**DATA EXCERPTS**

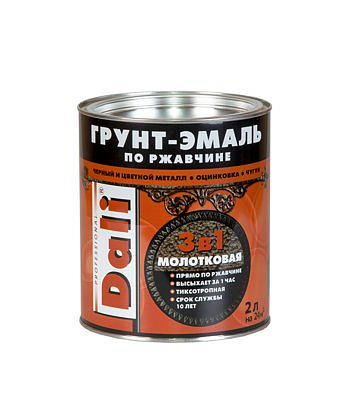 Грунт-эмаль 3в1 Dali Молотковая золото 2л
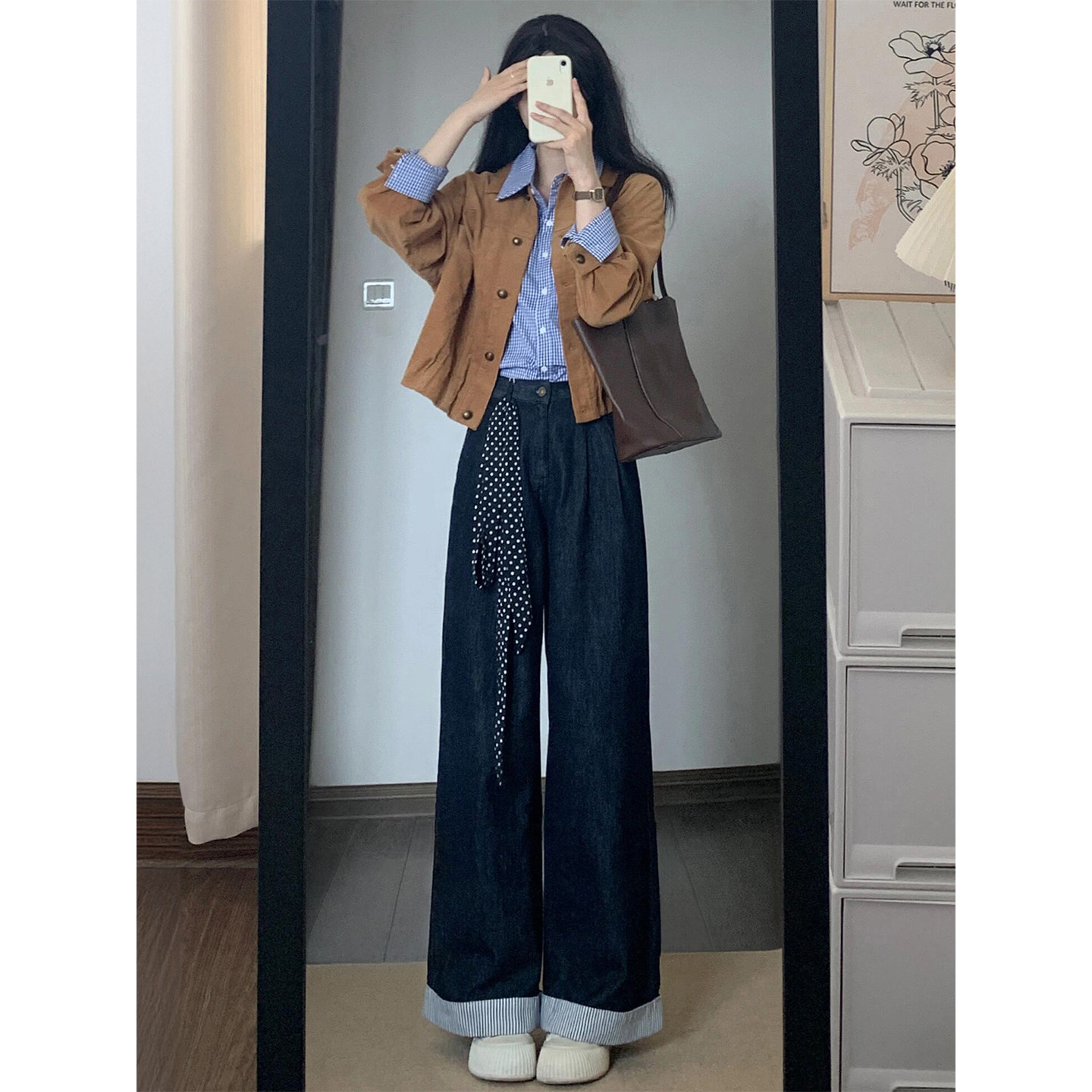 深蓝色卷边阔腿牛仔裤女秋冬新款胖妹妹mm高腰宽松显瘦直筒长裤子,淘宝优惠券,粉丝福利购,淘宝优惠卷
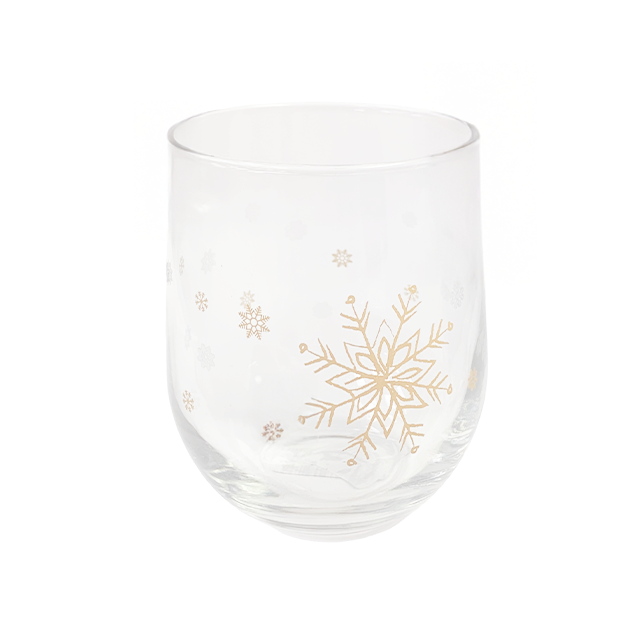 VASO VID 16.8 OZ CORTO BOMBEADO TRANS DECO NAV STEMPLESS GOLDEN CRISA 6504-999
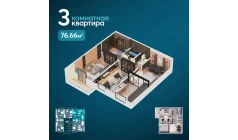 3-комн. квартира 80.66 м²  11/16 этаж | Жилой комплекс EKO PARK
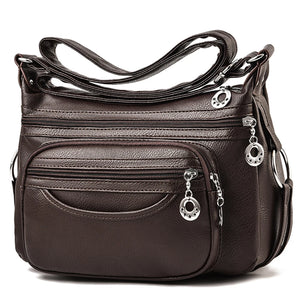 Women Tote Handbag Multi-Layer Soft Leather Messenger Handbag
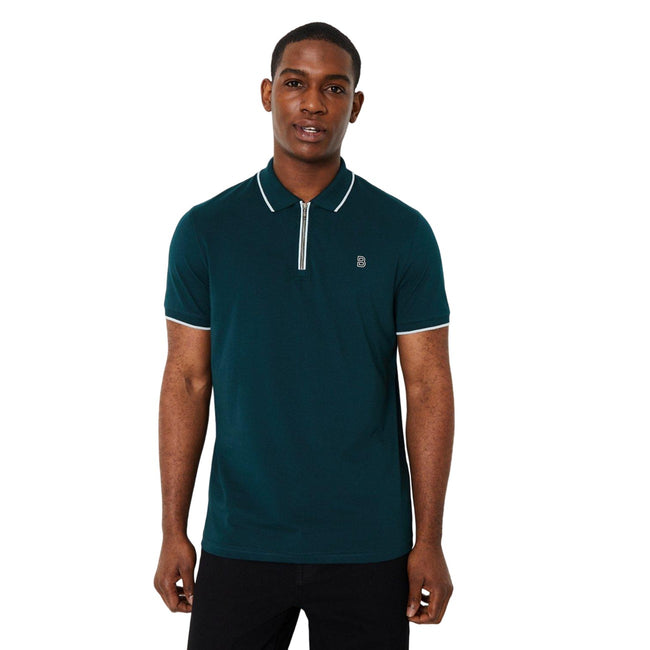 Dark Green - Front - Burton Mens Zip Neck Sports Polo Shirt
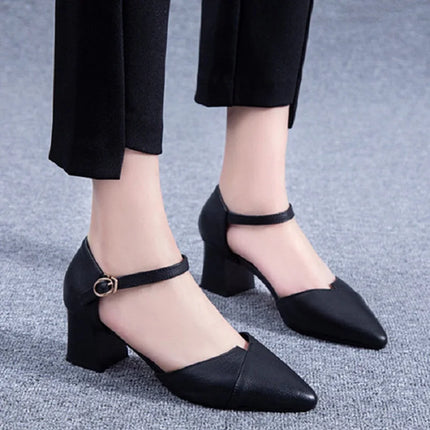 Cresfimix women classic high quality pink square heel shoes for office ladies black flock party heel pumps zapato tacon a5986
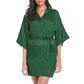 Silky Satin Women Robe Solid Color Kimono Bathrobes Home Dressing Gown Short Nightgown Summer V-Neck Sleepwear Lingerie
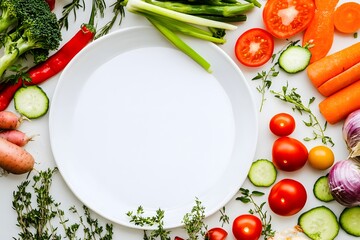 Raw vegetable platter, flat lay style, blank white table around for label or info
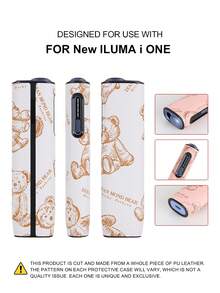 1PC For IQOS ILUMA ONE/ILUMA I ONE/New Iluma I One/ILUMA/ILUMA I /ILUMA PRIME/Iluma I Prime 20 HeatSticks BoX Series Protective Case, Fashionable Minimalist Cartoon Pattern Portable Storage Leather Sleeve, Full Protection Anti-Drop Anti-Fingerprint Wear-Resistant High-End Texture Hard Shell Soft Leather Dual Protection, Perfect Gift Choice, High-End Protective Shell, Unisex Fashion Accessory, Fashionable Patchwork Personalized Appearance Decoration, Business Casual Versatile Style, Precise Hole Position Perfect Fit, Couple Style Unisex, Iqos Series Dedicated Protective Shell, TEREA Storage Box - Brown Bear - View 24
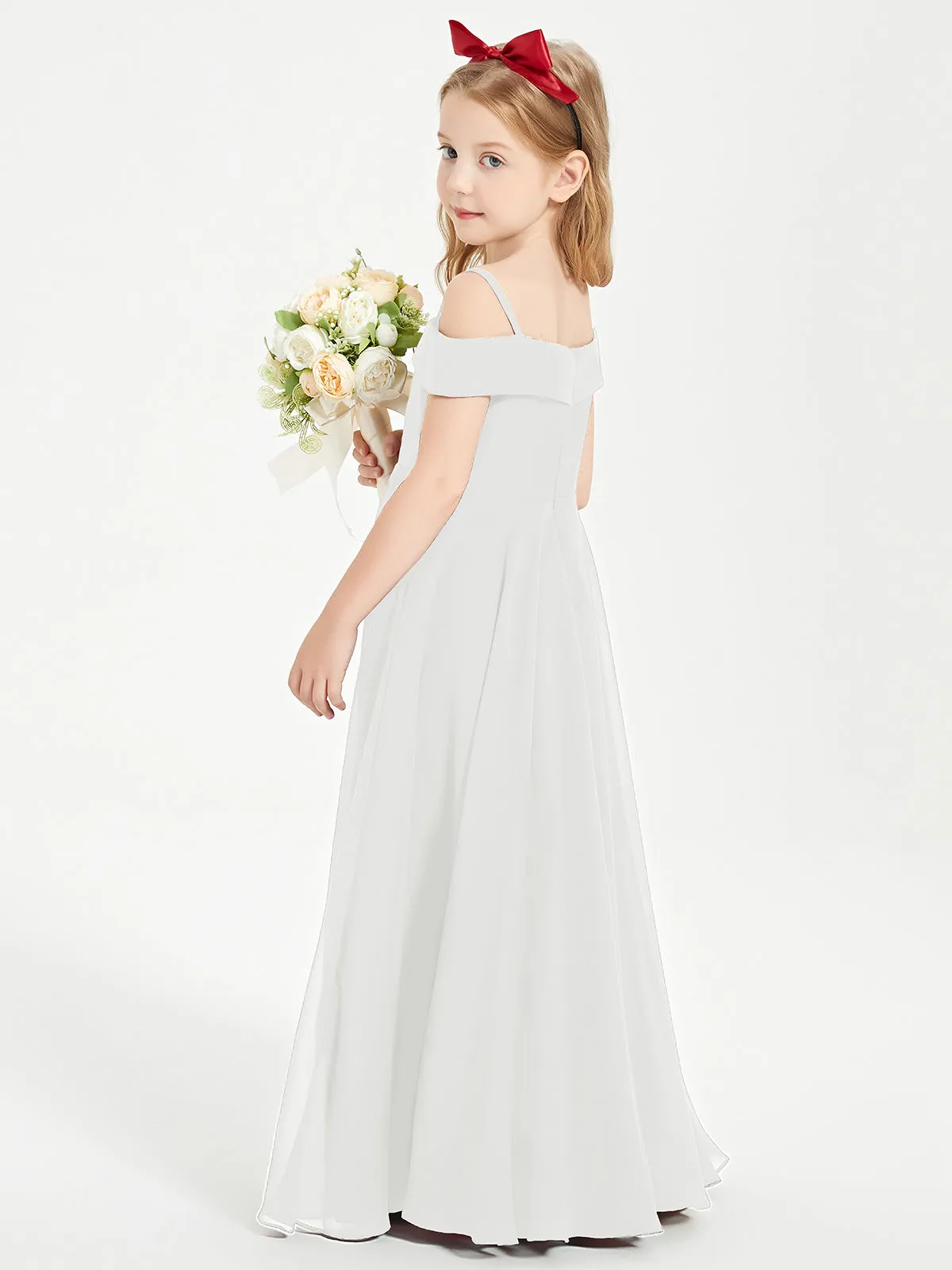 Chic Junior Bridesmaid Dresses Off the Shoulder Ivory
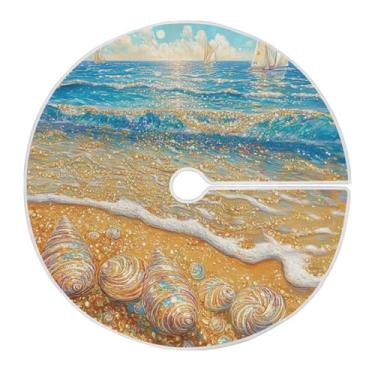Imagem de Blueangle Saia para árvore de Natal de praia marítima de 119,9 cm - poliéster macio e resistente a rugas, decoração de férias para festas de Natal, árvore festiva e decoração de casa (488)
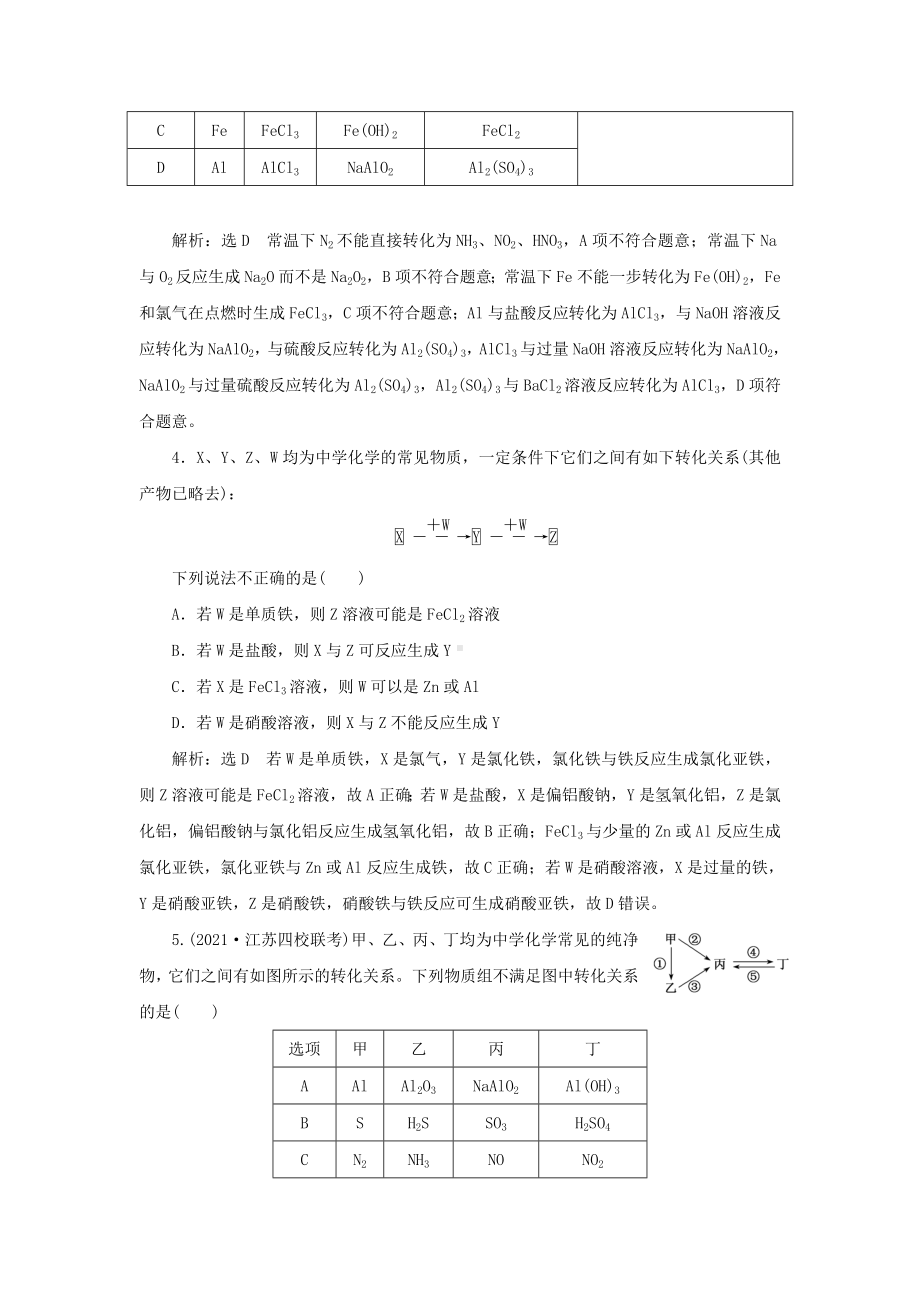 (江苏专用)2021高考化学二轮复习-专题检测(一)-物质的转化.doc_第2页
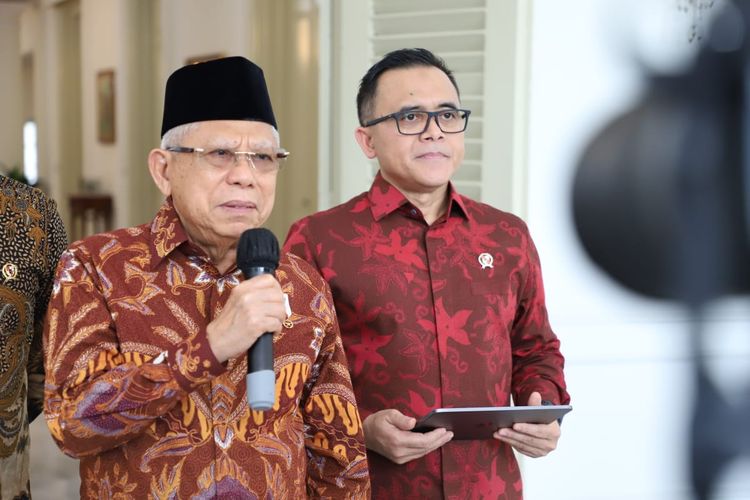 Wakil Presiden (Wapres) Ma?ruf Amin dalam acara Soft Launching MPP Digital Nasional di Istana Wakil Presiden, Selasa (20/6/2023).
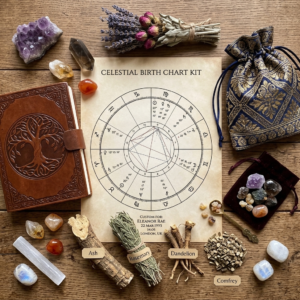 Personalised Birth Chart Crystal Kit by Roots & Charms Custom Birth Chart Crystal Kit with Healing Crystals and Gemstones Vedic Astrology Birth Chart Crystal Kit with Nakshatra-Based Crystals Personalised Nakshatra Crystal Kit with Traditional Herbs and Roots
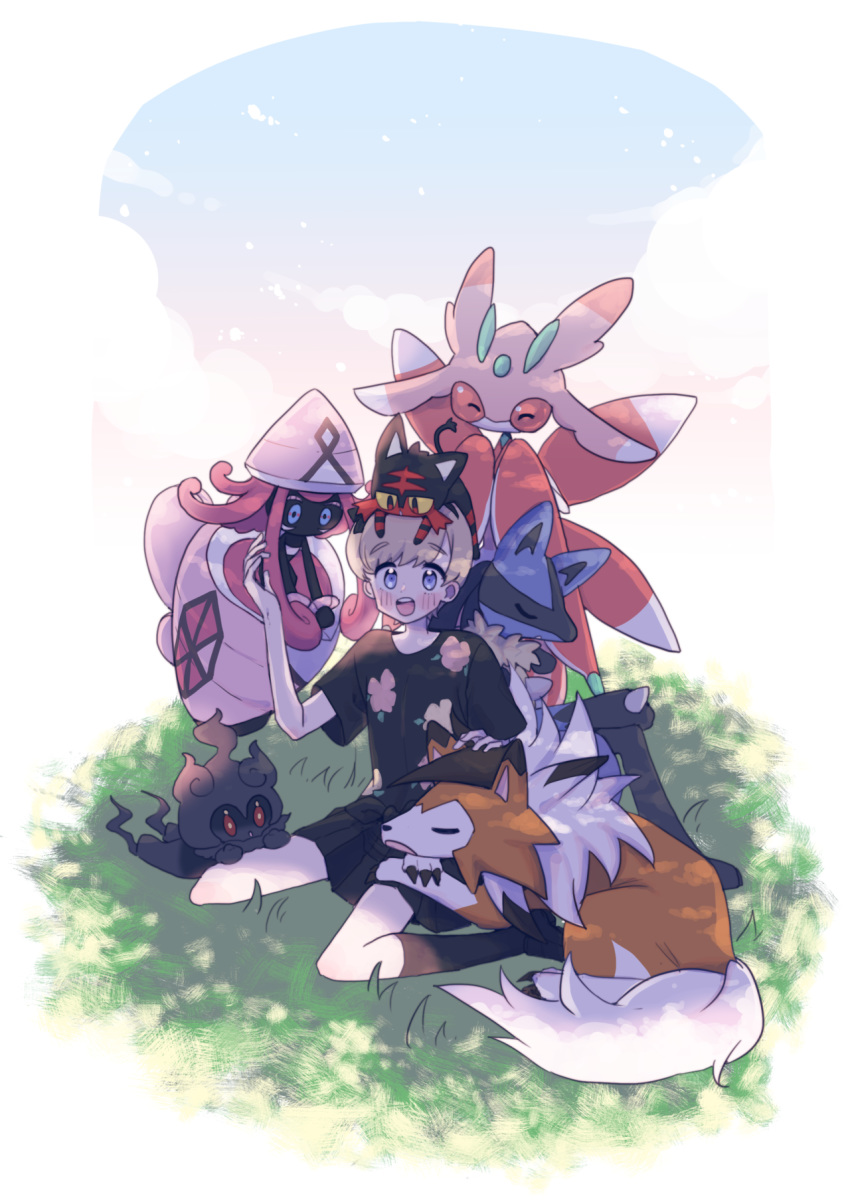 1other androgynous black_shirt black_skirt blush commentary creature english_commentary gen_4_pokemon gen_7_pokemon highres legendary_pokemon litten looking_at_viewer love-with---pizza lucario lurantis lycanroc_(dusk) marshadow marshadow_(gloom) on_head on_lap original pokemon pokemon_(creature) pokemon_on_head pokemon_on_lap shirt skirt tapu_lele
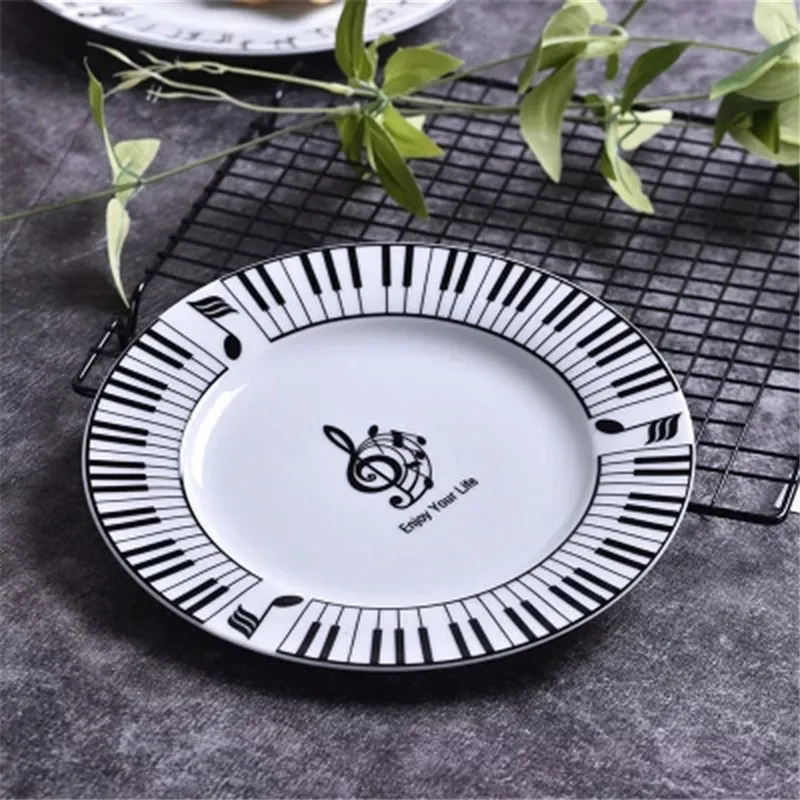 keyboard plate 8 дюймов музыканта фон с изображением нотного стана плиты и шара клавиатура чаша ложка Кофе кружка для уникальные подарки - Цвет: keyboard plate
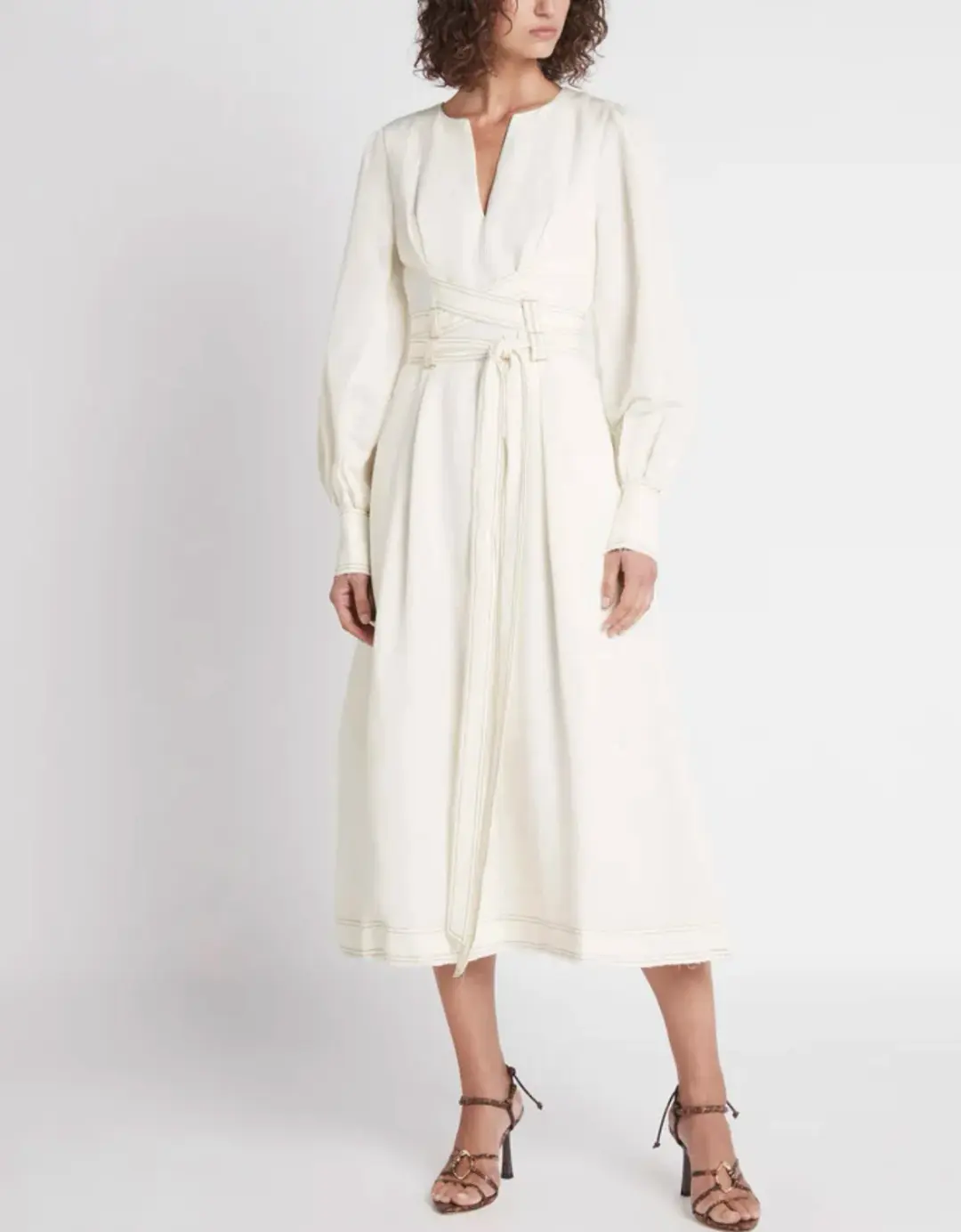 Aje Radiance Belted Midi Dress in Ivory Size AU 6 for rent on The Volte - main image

**PROBLEM STATEMENT**
All that should be printed is the run of lines above from the one with "Silky Satin Women" through the one with "Raw vegetable platter, flat", both included, exactly as given, with pictures left out.

**ANSWER TO THE EXERCISE**
 Silky Satin Women Robe Solid Color Kimono Bathrobes Home Dressing Gown Short Nightgown Summer V-Neck Sleepwear Lingerie
 Raw vegetable platter, flat lay style, blank white table around for label or info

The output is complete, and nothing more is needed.